_What you need to do_
Could you restate word for word the lines running from the one with "2025 Hyundai Santa Fe HEV Preferred AWD" to the end of the data, both ends included, but without pictures?

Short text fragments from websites
>>>

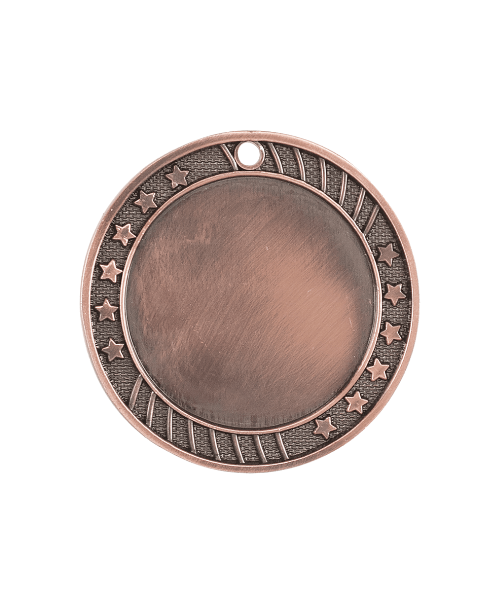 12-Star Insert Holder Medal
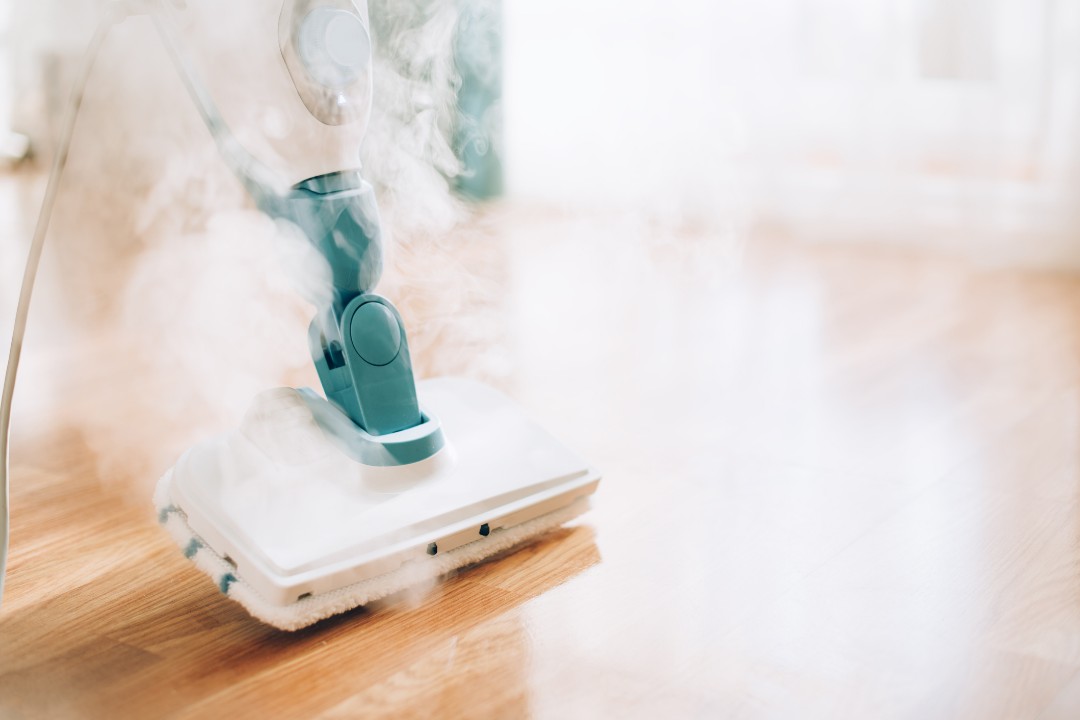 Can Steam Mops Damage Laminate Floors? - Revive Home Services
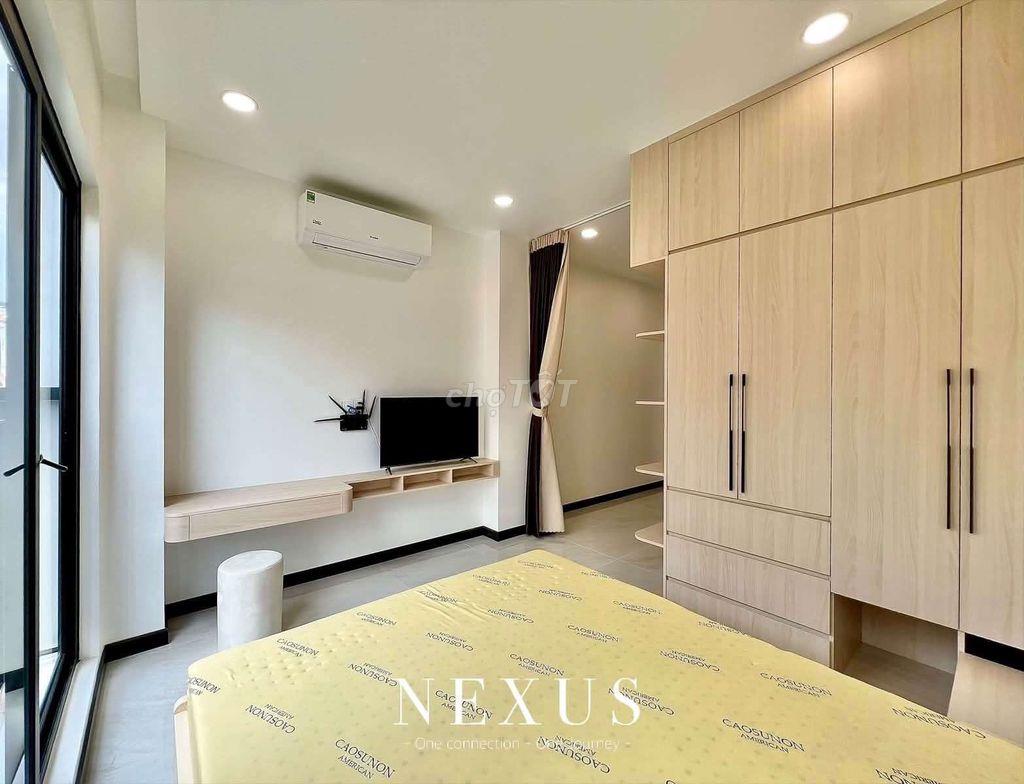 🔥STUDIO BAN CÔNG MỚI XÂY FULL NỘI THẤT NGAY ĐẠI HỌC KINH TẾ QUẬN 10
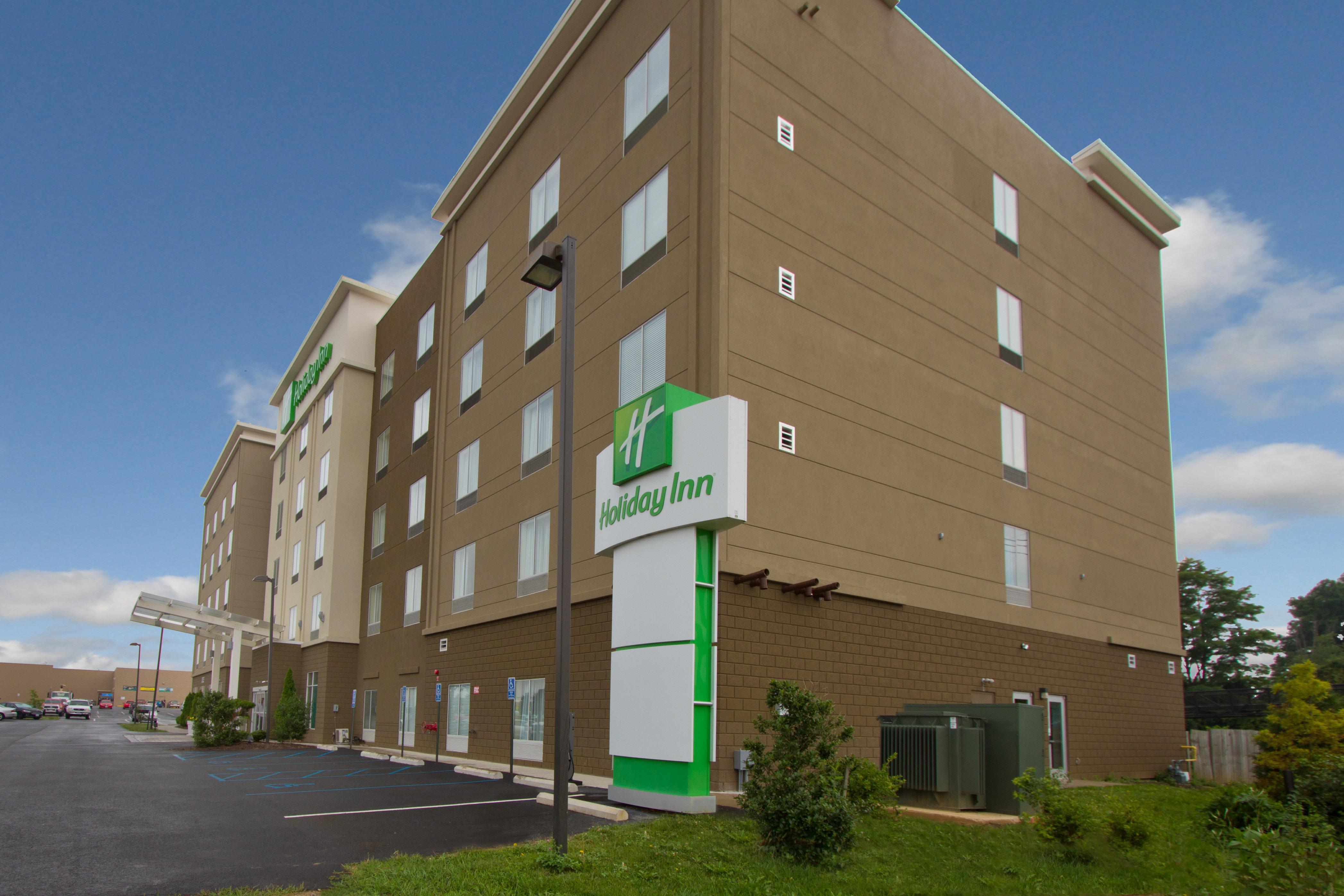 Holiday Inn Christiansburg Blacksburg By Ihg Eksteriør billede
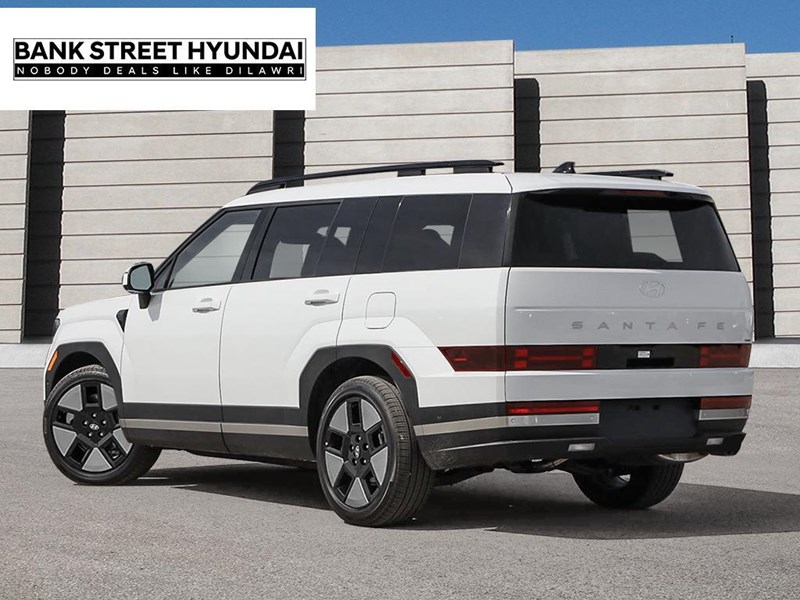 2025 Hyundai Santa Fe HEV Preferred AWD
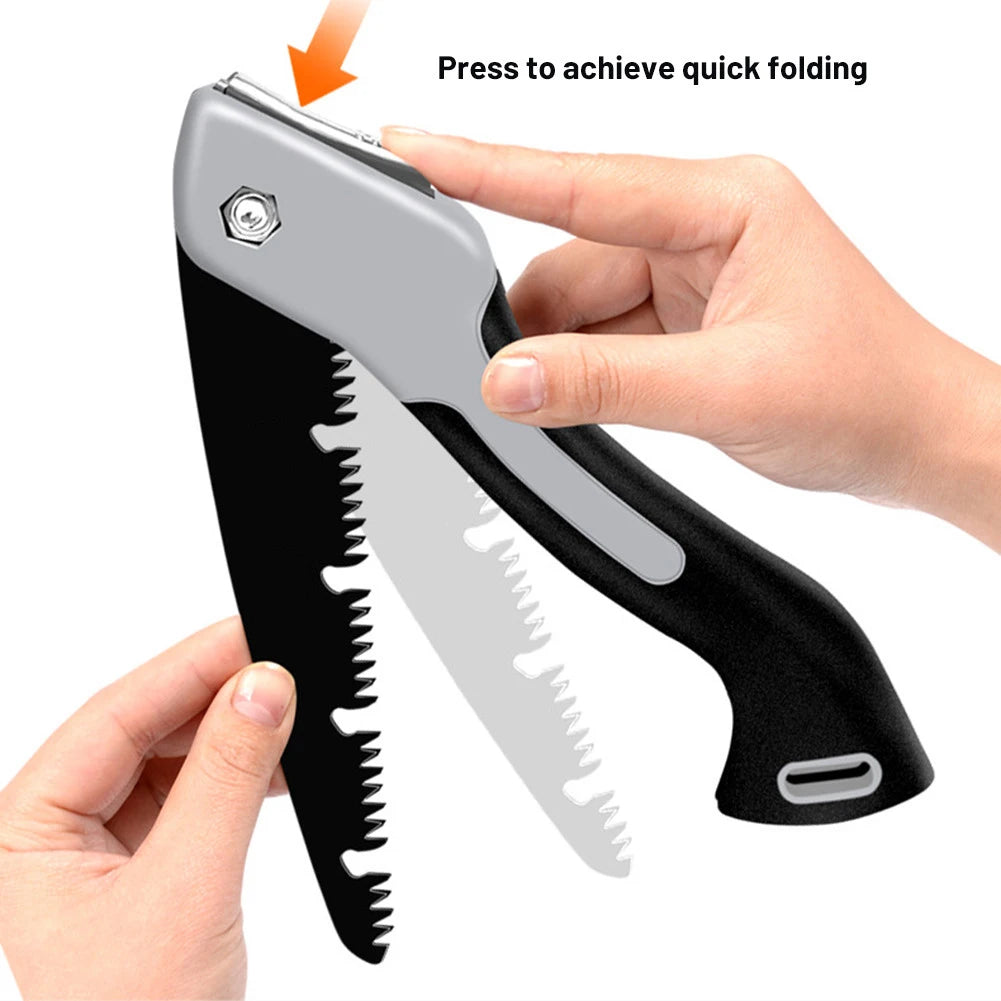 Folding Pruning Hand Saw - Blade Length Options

<<<

_Worked solution_
 2025 Hyundai Santa Fe HEV Preferred AWD
 Folding Pruning Hand Saw - Blade Length Options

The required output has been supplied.